Spurgeon never forgot how the unknown speaker that day said in plain words, “My dear friends, this is a very simple text indeed. It says, ‘Look.’ Now lookin’ don’t take a deal of pain. It ain’t liftin’ your foot or your finger; it is just, ‘Look.’ Well, a man needn’t go to College to learn to look. You may be the biggest fool, and yet you can look. A man needn’t be worth a thousand a year to be able to look. Anyone can look even a child can look. But then the text says, ‘Look unto Me.’ Ay!” said the preacher, in broad Essex, “many on ye are lookin’ to yourselves, but it’s no use lookin’ there. You’ll never find any comfort in yourselves. Some look to God the Father. No, look to Him by-and-by. Jesus Christ says, ‘Look unto Me.’ Some of ye say, ‘We must wait for the Spirit’s workin’.’ You have no business with that just now. Look to Christ The text says, ‘Look unto Me.'”

Then the good man followed up his text in this way: “Look unto Me; I am sweatin’ great drops of blood. Look unto Me; I am hangin’ on the cross. Look unto Me; I am dead and buried. Look unto Me; I rise again. Look unto Me; I ascend to Heaven. Look unto Me; I am sittin’ at the Father’s right hand. 0 poor sinner, look unto Me! Look unto Me!”

By the power and grace of the Spirit of God, young Spurgeon looked to Jesus, and lived. In his maturity, Spurgeon never forgot that he owed his exposure to the gospel to the unknown speaker in an Arminian chapel.

In time, Spurgeon’s own understanding of salvation, grace, faith, and regeneration would be rooted in that system of theology known as Calvinism. But he always had respect for those of a different theology persuasion who loved Jesus sincerely and exalted the Bible.

Even during The Downgrade Controversy of March, 1887, when Christian orthodoxy was being questioned, Spurgeon refused to insult other Baptist brethren by naming individuals personally. Spurgeon was alarmed that some ministers in the Baptist Union were “giving up the atoning sacrifice, denying the inspiration of Holy Scripture, and casting slurs upon justification by faith.” However, Spurgeon did not shame, or insult people in public, or in private, but called upon those who downgraded the gospel to repent. Nor did he refuse to meet with those with whom he disagreed.

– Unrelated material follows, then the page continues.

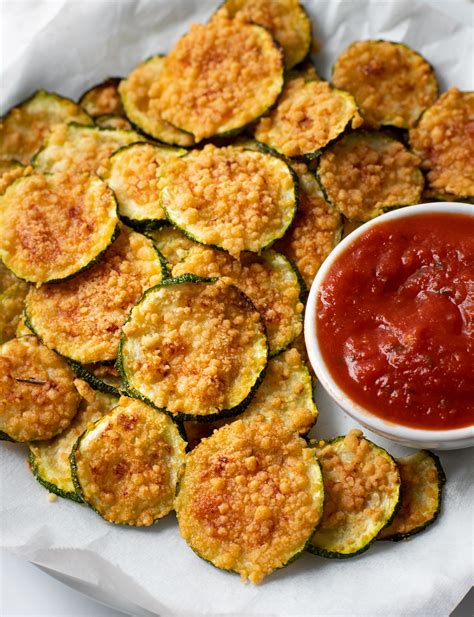 How To Make Plain Zucchini Chips In Air Fryer / Indian Spiced Air Fryer Zucchini Crisps Ministry ...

Having been subject to much slander and ridicule, Charles Spurgeon knew the destructive power of the tongue. The Biblical command for Christians is to “let all bitterness, wrath, anger, clamor, and evil speaking be put away from you, with all malice” (Eph. 4:31).

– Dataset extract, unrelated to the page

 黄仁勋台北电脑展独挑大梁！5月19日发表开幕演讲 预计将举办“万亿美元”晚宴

Mr. Spurgeon practiced what he preached, and taught pastoral students by his example. In his book, Lectures to My Students, Mr. Spurgeon was very kind to Charles Finney (Aug 29, 1792 – August 16, 1875), a prominent Arminian with whom he disagreed with theologically. Said Spurgeon,

“Exhortations, entreaties, and beseechings, if not accompanied with sound instruction, are like firing off powder without shot. You may shout, and weep, and plead, but you cannot lead men to believe what they have not heard, nor to receive a truth which has never been set before them. “Because the preacher was wise, he still taught the people knowledge.”

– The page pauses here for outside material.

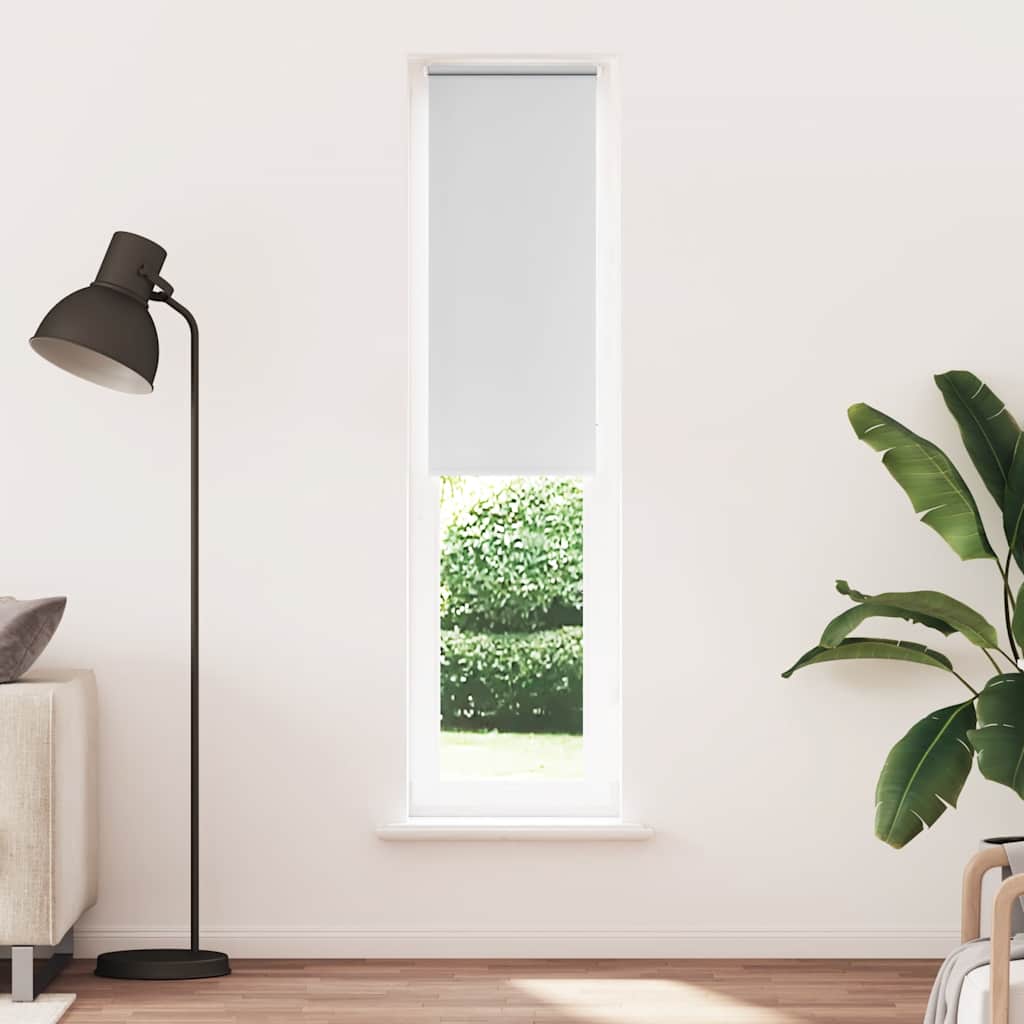 Rolo zavjesa Blackout bijela 45x230 cm Širina tkanine 40,7 cm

While giving instruction it is wise to appeal to the understanding. True religion is as logical as if it were not emotional. I am not an admirer of the peculiar views of Mr. Finney, but I have no doubt that he was useful to many; and his power lay in his use of clear arguments. Many who knew his fame were greatly disappointed at first hearing him, because he used few beauties of speech and was as calm and dry as a book of Euclid; but he was exactly adapted to a certain order of minds, and they were convinced and convicted by his forcible reasoning. Should not persons of an argumentative cast of mind be provided for? We are to be all things to all men, and to these men we must become argumentative and push them into a corner with plain deductions and necessary inferences. Of carnal reasoning we would have none, but of fair, honest pondering, considering, judging, and arguing the more the better” (“On Conversion As Our Aim”, page 185).

Charles Spurgeon was a man of great grace. He never forgot that his first true understanding of the gospel came, humanly speaking, from the lips of an Arminian lay-preacher empowered by the Holy Spirit. Many Calvinist owe their initial exposure to the gospel to an Arminian ministry. It is highly unlikely that Spurgeon would ever refuse to greet or meet, in public or in private, someone he spoke kindly about and esteemed in the work of the Lord. It would be out of character for him.

D. L. Moody was also of a different persuasion than Mr. Spurgeon. Moody was a famous Arminian minister of the gospel, theologically, and yet Moody preached from Spurgeon’s pulpit, and was well received at the Metropolitan Tabernacle. Let us be as generous as Paul who said, “What then? Notwithstanding, every way, whether in pretense, or in truth, Christ is preached; and I therein do rejoice, yea, and will rejoice” (Phil. 1:18). Let us be as kind in our comments as Mr. Spurgeon, and as careful in our conversation as the Holy Spirit commands us to be.